Y cuantos cables tiene al mazo del edificio? tiene apertura de puerta?


----------



## fernandob (Mar 12, 2010)

hola gracias por responder.

lo de los demas cables no importa, si tien cerradura o demas es seguro estandard.
el tema es la voz.

ese edificio es "zona de brujas" ...mas de lo normal, ppor eso quiero mirar por afuera, no quiero tocar por tocar por la clase de gente que es.
si supieran.............

mire un rato en electronica 2000 y puse en el buscador pero no supe encontrarlo......


----------



## elbrujo (Mar 12, 2010)

No puedo seguir sin datos, busca en google. Porteros electricos 3 cables, 5 cables, etc..


----------



## fernandob (Mar 12, 2010)

si busque, juro que busque.

no pido que busquen por mi, si ponen en buscador  aparecen desde porteros comunes a mas modernos.,.............no este bicho raro.
ni siquiera esta en la camara de los que arreglan porteros (dicho sea de paso un asco esa camara) .

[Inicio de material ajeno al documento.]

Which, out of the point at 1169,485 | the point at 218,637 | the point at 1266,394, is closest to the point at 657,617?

busco a alguno que lo conozca.

eso de 3 hilos ....5 hilos ...es verso.
la parte de la voz son 3 hilos y fin de el tema:
comun 
tx 
rx 

luego tenes mil hilos mas por los pulsadores.
y uno mas por el abrepuertas.

si alguno ha analizado por  que se ha cruzado con el que menciono le agradecere si me puede pasar info.

gracias.


----------



## elbrujo (Mar 12, 2010)

Y si la tenes tan clara porque no lo deducis? si uno tradicional tiene en serie los dos tubos con los mic-aur cruzados con una fuente que crea una portadora para que la voz se module sobre ella, y este es unidirecional.. entones que tiene de distinto? un solo tubo cruzado mic con auricular... media pila.. con onda, claro.


----------



## Cacho (Mar 12, 2010)

Un amigo tenía uno  donde vivía en el que se apretaba un par de botones para abrir...

Si mal no recuerdo, eran tres botones, uno  tenía retención (ese era el que permitía escuchar, pongámosle _E_) y saltaba cuando apretabas el pulsador de hablar (será _H_).
Sonaba el timbre, apretabas _H_ (saltaba _E_) y preguntabas quién era. Al soltar _H_ se empezaba a escuchar lo que había afuera (supongo que _H_ era un inversor). Te contestaban y para abrir tenías que apretar _E_ y el tercer botón, el de abrir.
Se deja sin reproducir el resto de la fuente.